DATA FOR THIS TASK
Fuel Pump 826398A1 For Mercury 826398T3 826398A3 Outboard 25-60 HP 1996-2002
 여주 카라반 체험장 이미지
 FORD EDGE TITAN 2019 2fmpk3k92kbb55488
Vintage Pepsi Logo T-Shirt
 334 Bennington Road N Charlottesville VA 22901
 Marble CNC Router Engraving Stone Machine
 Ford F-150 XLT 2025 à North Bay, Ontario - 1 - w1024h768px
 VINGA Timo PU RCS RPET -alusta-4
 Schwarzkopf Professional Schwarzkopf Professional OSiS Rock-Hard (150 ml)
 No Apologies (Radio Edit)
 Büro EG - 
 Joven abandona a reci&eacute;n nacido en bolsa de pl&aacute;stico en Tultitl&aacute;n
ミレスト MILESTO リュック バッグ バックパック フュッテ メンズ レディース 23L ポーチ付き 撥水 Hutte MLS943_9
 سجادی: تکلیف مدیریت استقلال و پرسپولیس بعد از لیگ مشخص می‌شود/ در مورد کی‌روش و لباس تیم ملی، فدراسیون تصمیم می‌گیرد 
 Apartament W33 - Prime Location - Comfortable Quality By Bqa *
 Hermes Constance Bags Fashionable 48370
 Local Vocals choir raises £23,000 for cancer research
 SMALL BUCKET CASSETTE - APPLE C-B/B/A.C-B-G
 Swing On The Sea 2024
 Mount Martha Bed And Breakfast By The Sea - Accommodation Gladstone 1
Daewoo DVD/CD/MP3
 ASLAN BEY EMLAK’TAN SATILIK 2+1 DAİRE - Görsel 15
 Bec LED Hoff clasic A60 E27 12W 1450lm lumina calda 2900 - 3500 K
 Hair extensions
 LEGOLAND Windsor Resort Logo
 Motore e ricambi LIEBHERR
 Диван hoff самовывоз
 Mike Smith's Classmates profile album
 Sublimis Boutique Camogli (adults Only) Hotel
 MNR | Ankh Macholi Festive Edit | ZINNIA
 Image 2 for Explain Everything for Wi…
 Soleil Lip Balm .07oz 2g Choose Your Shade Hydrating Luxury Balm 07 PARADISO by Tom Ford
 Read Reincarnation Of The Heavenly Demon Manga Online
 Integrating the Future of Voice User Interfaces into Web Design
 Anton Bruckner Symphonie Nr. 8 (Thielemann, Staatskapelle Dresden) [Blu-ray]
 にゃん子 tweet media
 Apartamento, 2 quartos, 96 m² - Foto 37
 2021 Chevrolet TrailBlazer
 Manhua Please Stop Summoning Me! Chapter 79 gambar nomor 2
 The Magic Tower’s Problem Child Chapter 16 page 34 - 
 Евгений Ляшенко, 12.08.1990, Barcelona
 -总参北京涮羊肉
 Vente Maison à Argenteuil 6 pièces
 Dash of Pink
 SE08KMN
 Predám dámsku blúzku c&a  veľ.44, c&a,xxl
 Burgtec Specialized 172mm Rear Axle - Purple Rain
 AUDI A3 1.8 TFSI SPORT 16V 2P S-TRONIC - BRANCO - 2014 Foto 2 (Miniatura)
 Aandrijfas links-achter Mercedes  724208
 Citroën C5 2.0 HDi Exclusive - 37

WHAT NEEDS TO BE DONE
Respond with one number, namely the count of lines in the entries above that hold the word "Foto".

SOLUTION BELOW
2